GIVEN RECORDS:
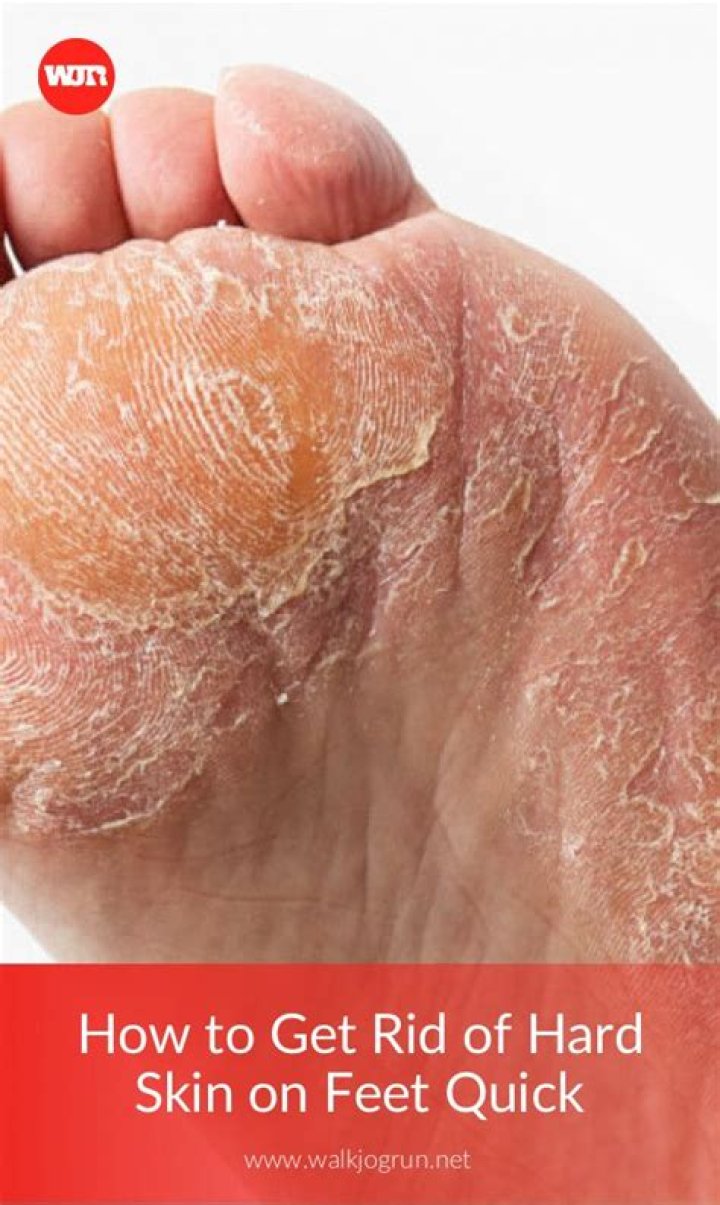 Remove Dry Skin On Your Feet With Our Expert Tips And Tricks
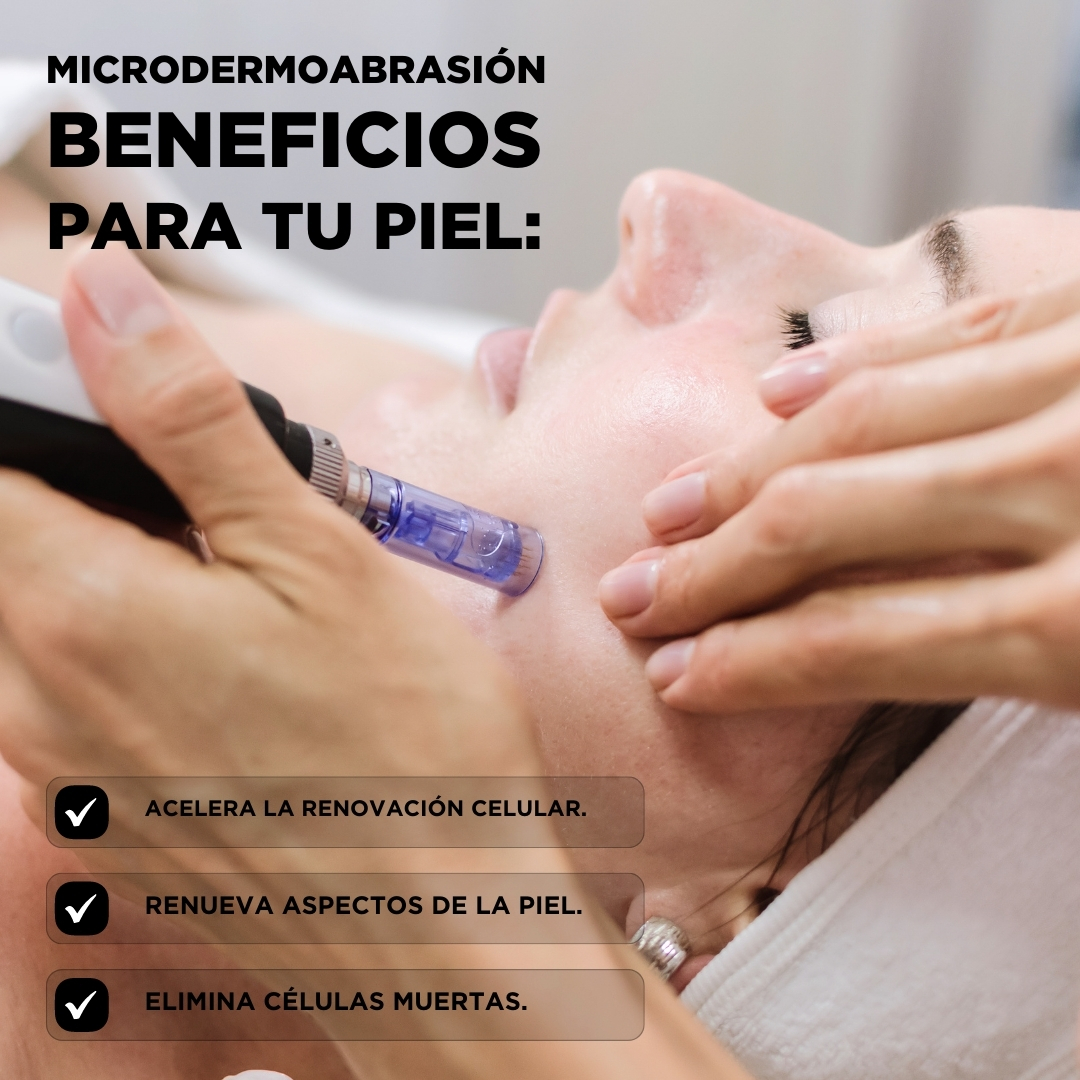 Microabrasión con punta de diamante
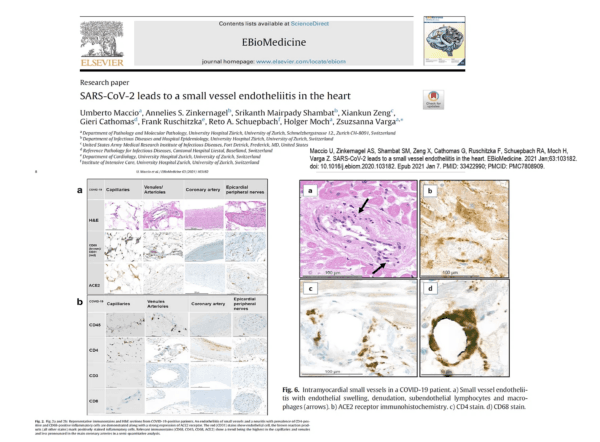 Maccio U, Zinkernagel AS, Shambat SM, Zeng X, Cathomas G, Ruschitzka F, Schuepbach RA, Moch H, Varga Z. SARS-CoV-2 leads to a small vessel endotheliitis in the heart. EBioMedicine. 2021 Jan;63:103182. doi: 10.1016/j.ebiom.2020.103182. Epub 2021 Jan 7. PMID: 33422990; PMCID: PMC7808909.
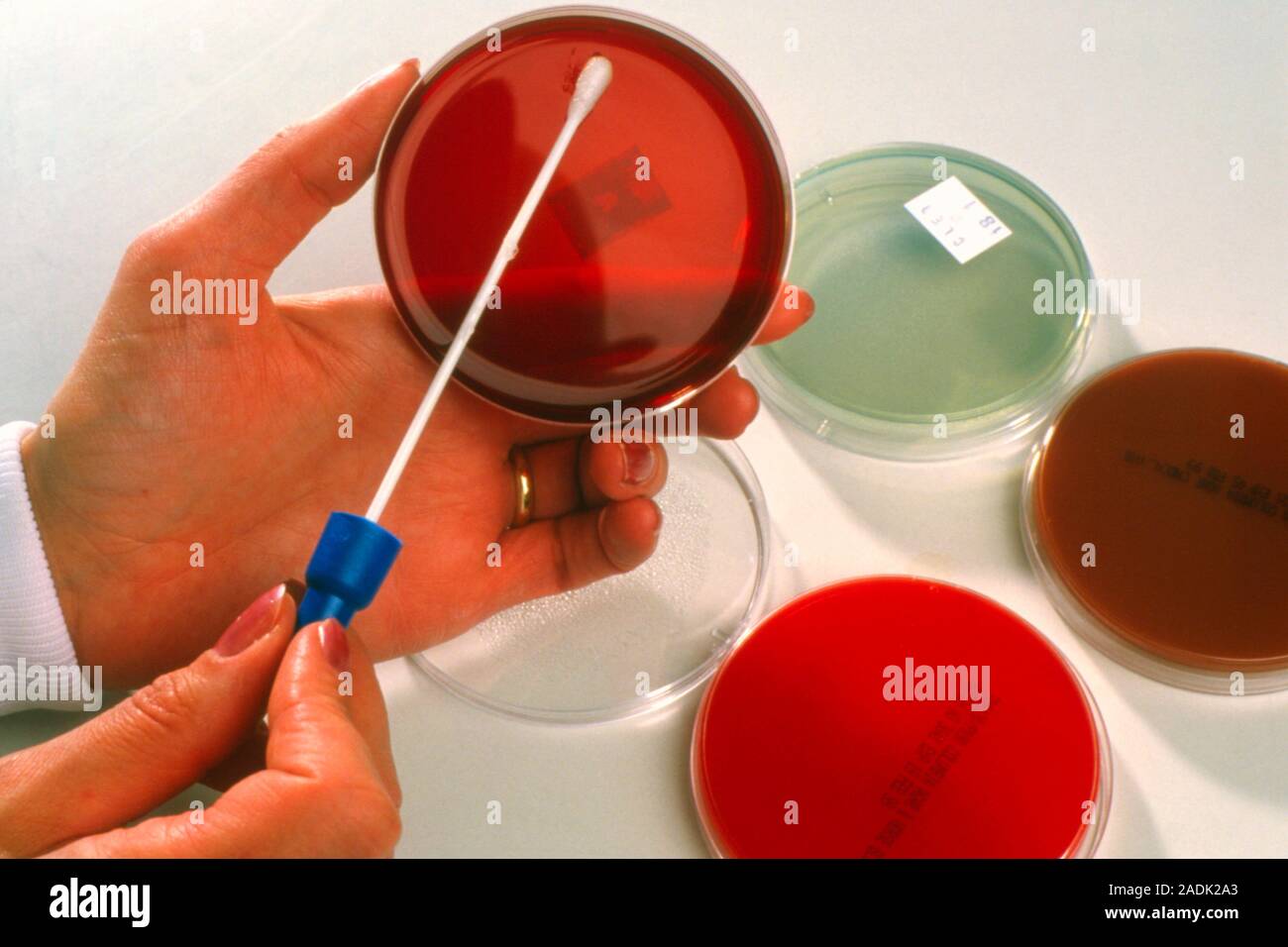 Vaginal bacteria culturing. Hand wiping a vaginal swab across a petri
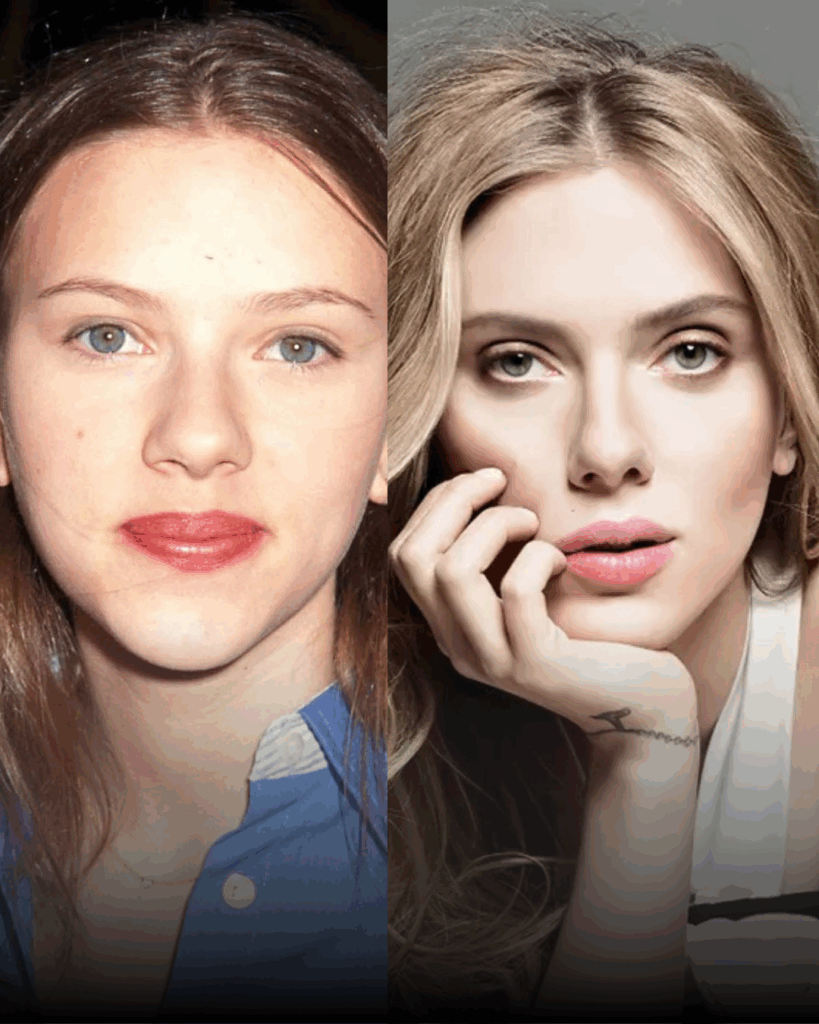 Tijuana rhinoplasty before and after example – celebrity comparison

WHAT IS BEING ASKED: Reproduce the data above word for word and omit the images.

WRITTEN SOLUTION:
 Remove Dry Skin On Your Feet With Our Expert Tips And Tricks
 Microabrasión con punta de diamante
 Maccio U, Zinkernagel AS, Shambat SM, Zeng X, Cathomas G, Ruschitzka F, Schuepbach RA, Moch H, Varga Z. SARS-CoV-2 leads to a small vessel endotheliitis in the heart. EBioMedicine. 2021 Jan;63:103182. doi: 10.1016/j.ebiom.2020.103182. Epub 2021 Jan 7. PMID: 33422990; PMCID: PMC7808909.
 Vaginal bacteria culturing. Hand wiping a vaginal swab across a petri
 Tijuana rhinoplasty before and after example – celebrity comparison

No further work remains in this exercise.